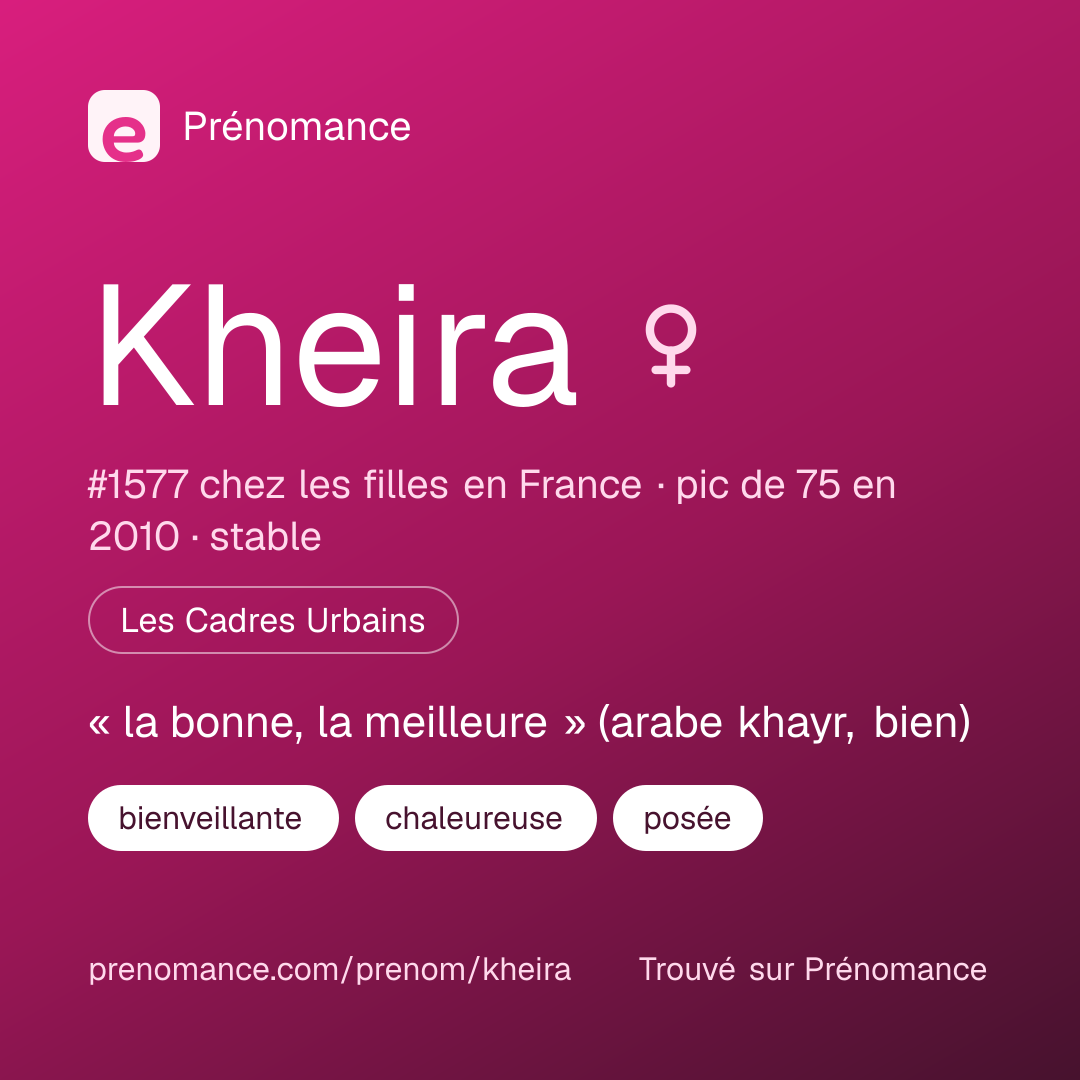 Carte de partage du prénom Kheira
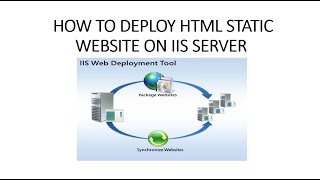 How to deploy  static HTML website on IIS Server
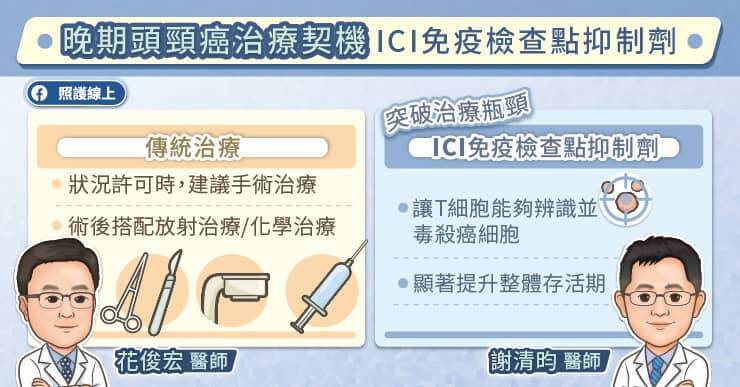 近年來，ICI免疫檢查點抑制劑的發展替晚期頭頸癌帶來新希望，已成為重要的整合治療選項。（取自貼文）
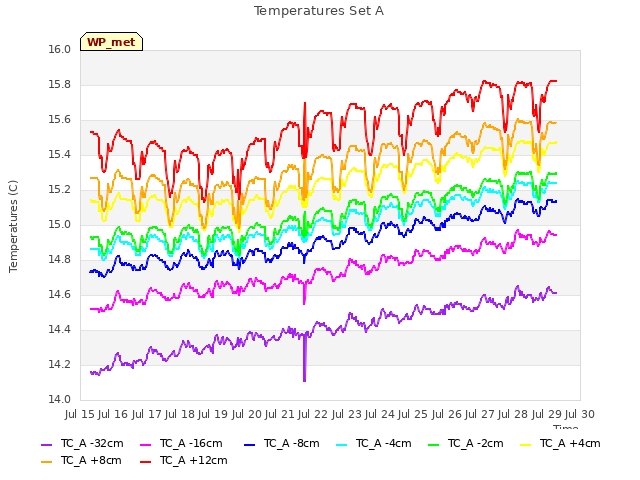 plot of Temperatures Set A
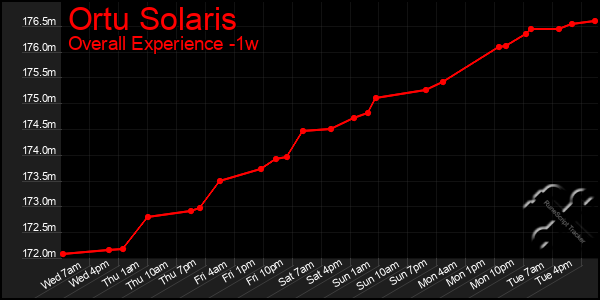1 Week Graph of Ortu Solaris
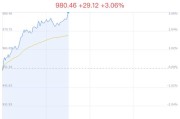 靶材概念盘中拉升，东方钽业涨8.09%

What you will do: Give back exactly the lines from the one containing "近年來，ICI免疫檢查點抑制" through the last line above, both included, and none of the pictures.

Task output:
 近年來，ICI免疫檢查點抑制劑的發展替晚期頭頸癌帶來新希望，已成為重要的整合治療選項。（取自貼文）
 plot of Temperatures Set A
1 Week Graph of Ortu Solaris
 靶材概念盘中拉升，东方钽业涨8.09%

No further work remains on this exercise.